* **The problem**:
Restate the data that follows exactly as it stands, beginning with the first line and ending with the line that contains "Doll House design 1.0 Icon".
Provided entries START
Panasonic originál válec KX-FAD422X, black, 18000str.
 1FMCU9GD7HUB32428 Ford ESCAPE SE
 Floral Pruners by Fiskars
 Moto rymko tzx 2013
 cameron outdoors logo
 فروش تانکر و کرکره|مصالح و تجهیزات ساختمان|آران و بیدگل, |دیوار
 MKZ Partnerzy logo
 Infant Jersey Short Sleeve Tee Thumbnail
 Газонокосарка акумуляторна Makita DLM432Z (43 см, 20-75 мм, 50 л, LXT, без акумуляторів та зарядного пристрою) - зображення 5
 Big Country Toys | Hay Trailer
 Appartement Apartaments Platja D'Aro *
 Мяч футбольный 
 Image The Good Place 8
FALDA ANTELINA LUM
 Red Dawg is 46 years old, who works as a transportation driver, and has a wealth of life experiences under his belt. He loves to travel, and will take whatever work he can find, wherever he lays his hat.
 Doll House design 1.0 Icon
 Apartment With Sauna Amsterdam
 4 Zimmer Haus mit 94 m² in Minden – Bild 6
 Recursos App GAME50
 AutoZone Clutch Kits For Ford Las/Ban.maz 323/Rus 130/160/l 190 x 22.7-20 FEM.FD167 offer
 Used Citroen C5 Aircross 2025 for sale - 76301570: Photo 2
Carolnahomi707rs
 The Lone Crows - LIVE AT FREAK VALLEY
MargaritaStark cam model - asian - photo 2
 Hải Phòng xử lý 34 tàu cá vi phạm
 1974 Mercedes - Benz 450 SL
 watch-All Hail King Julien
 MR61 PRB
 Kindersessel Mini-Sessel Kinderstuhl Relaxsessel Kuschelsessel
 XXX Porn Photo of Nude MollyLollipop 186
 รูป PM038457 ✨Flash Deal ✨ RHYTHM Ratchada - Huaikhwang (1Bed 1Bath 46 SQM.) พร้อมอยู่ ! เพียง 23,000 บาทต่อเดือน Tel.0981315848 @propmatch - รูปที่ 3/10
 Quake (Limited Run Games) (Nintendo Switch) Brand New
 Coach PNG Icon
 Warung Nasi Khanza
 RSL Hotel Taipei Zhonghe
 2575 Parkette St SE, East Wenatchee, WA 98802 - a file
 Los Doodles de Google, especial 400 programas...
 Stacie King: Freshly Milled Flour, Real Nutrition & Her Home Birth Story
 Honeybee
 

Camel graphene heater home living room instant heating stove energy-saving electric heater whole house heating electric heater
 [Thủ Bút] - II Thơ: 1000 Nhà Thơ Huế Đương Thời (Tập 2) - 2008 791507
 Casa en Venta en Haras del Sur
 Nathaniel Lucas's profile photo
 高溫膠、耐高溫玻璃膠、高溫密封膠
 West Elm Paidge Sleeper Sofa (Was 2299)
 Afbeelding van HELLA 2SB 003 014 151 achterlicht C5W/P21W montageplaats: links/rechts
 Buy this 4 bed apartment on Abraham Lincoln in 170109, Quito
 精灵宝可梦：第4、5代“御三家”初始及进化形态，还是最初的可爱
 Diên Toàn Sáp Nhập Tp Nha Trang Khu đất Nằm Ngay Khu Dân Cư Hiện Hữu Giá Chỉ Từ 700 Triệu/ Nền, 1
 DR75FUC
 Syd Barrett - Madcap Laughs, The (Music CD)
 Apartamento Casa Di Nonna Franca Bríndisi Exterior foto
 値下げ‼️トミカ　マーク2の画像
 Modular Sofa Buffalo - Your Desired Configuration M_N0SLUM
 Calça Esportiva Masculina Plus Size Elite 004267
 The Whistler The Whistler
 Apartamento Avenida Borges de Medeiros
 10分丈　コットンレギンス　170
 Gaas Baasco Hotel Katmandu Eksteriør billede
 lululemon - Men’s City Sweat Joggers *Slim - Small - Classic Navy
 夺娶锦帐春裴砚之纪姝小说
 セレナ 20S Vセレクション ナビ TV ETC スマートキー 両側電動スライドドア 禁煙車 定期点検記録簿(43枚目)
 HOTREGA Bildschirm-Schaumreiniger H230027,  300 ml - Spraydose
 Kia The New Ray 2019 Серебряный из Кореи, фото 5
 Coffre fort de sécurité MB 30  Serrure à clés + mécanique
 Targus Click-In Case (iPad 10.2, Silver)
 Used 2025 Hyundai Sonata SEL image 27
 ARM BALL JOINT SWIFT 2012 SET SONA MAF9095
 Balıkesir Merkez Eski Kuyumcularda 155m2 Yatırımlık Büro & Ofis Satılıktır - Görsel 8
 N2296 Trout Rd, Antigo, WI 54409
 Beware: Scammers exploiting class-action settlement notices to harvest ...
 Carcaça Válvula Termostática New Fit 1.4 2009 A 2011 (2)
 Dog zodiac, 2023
Provided entries END
* **Completed task**:
Panasonic originál válec KX-FAD422X, black, 18000str.
 1FMCU9GD7HUB32428 Ford ESCAPE SE
 Floral Pruners by Fiskars
 Moto rymko tzx 2013
 cameron outdoors logo
 فروش تانکر و کرکره|مصالح و تجهیزات ساختمان|آران و بیدگل, |دیوار
 MKZ Partnerzy logo
 Infant Jersey Short Sleeve Tee Thumbnail
 Газонокосарка акумуляторна Makita DLM432Z (43 см, 20-75 мм, 50 л, LXT, без акумуляторів та зарядного пристрою) - зображення 5
 Big Country Toys | Hay Trailer
 Appartement Apartaments Platja D'Aro *
 Мяч футбольный 
 Image The Good Place 8
FALDA ANTELINA LUM
 Red Dawg is 46 years old, who works as a transportation driver, and has a wealth of life experiences under his belt. He loves to travel, and will take whatever work he can find, wherever he lays his hat.
 Doll House design 1.0 Icon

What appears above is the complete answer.